A precarização do trabalho de entregadores e motoristas de aplicativo é velha conhecida e uma discussão que está chegando, inclusive, ao governo federal — o presidente Lula (PT), diz, desde sua campanha, que planeja regulamentar a profissão. Ao mesmo tempo, as plataformas estendem seu poder para outros setores e, hoje, alcançam inclusive profissões que exigem alta qualificação acadêmica, como advogados, psicólogos e redatores publicitários. Profissionais dos mais diversos ramos tornam-se, agora, uma espécie de “motoristas de Uber”, em um cenário no qual as empresas ditam todas as regras e o governo, por enquanto, não interfere.
No Brasil, segundo um levantamento realizado pela Fundação Getulio Vargas em 2022, há pelo menos 77 empresas da “gig economy”, termo utilizado para descrever serviços em que o trabalhador atua para uma plataforma por demanda. A maior parte, 24 delas, é de entrega de delivery, mas elas também estão nos ramos de saúde e bem-estar, advocacia, cuidados com crianças e com pets, por exemplo.

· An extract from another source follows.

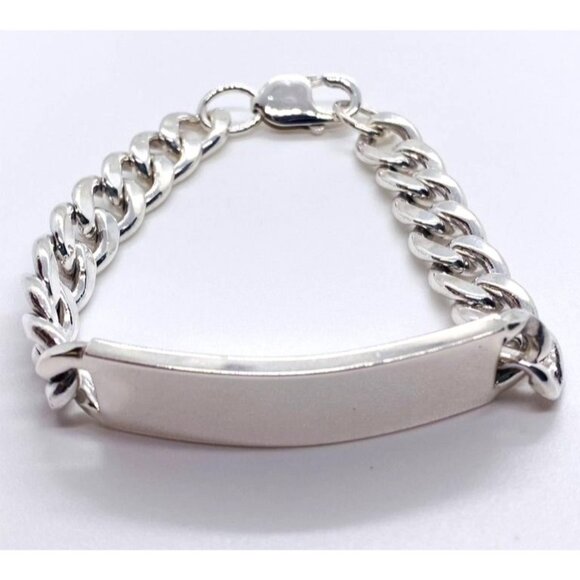 Tiffany & Co Sterling Silver 925 Curb Link ID Plate 8.25
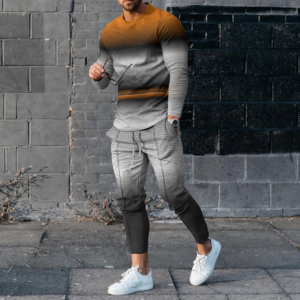 2-Piece Set: Stylish Men’s Long Sleeve Tee and Pants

Quando o jornalista Marcelo Faria deixou o trabalho de carteira assinada em uma empresa e passou a produzir textos como freelancer em uma plataforma de conteúdo, sua rotina mudou de ritmo. “Eu com certeza trabalhava mais. Todos os dias, começava por volta das 8h e ia até 20h, 20h30. O fluxo de tarefas sempre foi infinito, mas havia trabalhos melhor remunerados que, em uma época, sumiram. Faço um paralelo com a Uber, em que os motoristas ganhavam muita grana no começo. Depois, comecei a ganhar quase metade do que antes”, conta. A empresa para a qual ele prestava serviço oferece mão-de-obra freelancer para centenas de outras companhias que precisam de textos para blogs. Como um motorista de aplicativo, ele era avaliado por notas dos clientes na plataforma e o volume e qualidade das tarefas que recebia dependia, em parte, dessa avaliação.

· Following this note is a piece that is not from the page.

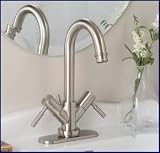 New Brushed Nickel Lavatory Faucet - 2 Handle Monoblock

A socióloga Ana Claudia Moreira Cardoso se dedica ao estudo da “plataformização” da economia e examina que o processo começou em setores que já eram pouco regulamentados, como o de transporte, e chega em velocidade acelerada aos demais. “Por que essas empresas-plataforma entraram primeiro em alguns setores e não nos mais regulados? Imagine se, lá em 2014 [quando o Uber chegou ao Brasil], entrassem no setor de saúde, educação, no bancário. A resistência seria muito grande, porque as pessoas sairiam de um trabalho regulado, com certa qualidade, para outro totalmente desregulado. As empresas, então, entraram em setores já precários, porque evidentemente enfrentam uma resistência menor. Os trabalhadores reclamariam menos porque já estavam precarizados, o Estado reclamaria menos porque naturalizou essa precariedade e os clientes também. Faço analogia com o uso da datilografia, que evoluiu e, hoje, teclamos pelo relógio. Não existe a possibilidade de retroceder”, diz.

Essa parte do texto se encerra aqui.